The tourism marketing strategy is part of the council’s response to support the city recovery from the economic impacts of Covid-19. The council will discuss plans to deliver a short term one year economic recovery plan, together with the one Year Transport and Place plan already underway at the Executive meeting on 24 July 2020. More information is here (link)
One of the core elements of the strategy is working collaboratively with businesses including attractions, retail and hospitality to create unique and special experiences designed to attract targeted audiences to the city, and keep them returning to the city. The recovery campaign activity will continue to prioritise public health, aligning with government advice as this develops over the coming months.

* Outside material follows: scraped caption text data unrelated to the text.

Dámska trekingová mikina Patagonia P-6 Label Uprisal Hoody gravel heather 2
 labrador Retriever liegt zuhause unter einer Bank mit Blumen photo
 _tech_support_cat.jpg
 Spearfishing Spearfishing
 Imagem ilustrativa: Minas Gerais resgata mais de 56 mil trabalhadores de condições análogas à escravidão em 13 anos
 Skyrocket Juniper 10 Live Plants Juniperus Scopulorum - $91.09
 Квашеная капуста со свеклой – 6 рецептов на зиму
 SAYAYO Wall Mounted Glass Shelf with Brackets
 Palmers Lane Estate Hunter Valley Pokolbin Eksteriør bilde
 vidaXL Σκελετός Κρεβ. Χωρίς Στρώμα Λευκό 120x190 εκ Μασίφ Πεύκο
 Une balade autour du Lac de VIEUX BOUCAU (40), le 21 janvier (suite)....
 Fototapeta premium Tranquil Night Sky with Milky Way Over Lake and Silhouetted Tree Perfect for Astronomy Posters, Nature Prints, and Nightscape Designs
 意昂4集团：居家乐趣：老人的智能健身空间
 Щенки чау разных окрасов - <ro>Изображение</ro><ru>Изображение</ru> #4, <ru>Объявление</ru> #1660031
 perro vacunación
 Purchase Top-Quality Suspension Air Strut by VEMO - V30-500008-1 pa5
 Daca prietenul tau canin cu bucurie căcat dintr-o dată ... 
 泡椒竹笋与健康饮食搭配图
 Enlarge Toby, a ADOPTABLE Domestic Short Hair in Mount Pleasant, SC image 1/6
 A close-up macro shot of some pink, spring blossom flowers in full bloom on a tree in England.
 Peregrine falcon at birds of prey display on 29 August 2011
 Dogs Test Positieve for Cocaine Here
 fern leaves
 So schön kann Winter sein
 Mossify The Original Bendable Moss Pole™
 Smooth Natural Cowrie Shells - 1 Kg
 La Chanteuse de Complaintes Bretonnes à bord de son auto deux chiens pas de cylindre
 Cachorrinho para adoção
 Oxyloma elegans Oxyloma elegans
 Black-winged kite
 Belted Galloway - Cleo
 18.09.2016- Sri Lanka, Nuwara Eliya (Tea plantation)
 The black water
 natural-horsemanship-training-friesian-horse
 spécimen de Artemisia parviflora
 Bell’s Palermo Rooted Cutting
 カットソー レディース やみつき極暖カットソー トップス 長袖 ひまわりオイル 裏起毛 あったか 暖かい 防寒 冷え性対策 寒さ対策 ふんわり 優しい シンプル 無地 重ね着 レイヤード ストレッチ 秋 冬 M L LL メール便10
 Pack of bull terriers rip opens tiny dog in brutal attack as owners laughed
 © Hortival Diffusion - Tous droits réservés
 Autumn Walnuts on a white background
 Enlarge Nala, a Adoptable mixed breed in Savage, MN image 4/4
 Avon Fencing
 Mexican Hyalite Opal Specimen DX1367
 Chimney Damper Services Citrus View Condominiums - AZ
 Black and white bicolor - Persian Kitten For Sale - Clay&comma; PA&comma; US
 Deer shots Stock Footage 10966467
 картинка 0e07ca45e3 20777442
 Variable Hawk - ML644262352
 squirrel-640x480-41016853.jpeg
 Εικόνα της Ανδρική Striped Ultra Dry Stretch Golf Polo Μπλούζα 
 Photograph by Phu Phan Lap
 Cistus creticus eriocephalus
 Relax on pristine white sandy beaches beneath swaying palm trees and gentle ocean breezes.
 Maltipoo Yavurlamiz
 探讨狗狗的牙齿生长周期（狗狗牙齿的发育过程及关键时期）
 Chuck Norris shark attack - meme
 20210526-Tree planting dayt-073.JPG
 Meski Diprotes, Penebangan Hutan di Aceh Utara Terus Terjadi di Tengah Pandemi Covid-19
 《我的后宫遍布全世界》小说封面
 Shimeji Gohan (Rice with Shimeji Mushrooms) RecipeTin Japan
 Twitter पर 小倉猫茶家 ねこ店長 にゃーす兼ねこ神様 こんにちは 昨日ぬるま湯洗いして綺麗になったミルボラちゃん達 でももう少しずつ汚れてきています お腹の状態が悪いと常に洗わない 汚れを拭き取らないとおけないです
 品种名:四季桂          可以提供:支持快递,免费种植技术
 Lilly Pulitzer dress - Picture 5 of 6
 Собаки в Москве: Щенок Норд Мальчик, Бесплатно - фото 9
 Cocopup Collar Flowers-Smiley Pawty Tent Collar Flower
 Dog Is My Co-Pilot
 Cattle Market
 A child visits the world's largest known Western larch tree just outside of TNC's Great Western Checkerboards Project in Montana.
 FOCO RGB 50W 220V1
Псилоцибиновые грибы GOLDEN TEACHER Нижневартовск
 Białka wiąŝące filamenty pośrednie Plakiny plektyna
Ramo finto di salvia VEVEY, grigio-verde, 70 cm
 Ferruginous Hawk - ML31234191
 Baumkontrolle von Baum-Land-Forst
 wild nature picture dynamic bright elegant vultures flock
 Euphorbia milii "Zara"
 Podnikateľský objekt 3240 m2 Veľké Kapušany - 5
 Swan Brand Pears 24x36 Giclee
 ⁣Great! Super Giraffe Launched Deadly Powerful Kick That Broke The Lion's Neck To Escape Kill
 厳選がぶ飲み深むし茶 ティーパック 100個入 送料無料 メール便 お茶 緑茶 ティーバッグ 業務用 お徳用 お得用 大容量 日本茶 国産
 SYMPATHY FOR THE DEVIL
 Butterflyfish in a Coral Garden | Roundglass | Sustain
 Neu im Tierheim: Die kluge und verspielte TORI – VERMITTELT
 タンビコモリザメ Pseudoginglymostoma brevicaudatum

The campaign aims to attract residents as the key audience, as well as visitors from the surrounding regions. Utilising data and insights from locals, businesses and visitors, the plan of activity will continue to be shaped by feedback gathered over the coming months.
The move comes at the same time as the Council confirmed in a response to a Freedom of Information request that it had spent £4.7 million with Make It York during the last 5 years.
A farmer is ploughing out part of Acomb Moor. The field in question is subject to a current Public Right of Way application. The Foxwood Residents Association have asked local Councillors to find out what is going on.
Children’s playground in the Westfield area have all now been reopened. Some are displaying “best practice” signs outlining health restrictions. Judging by the numbers in the Acomb Green play area this has proved to be very popular with children (and probably parents).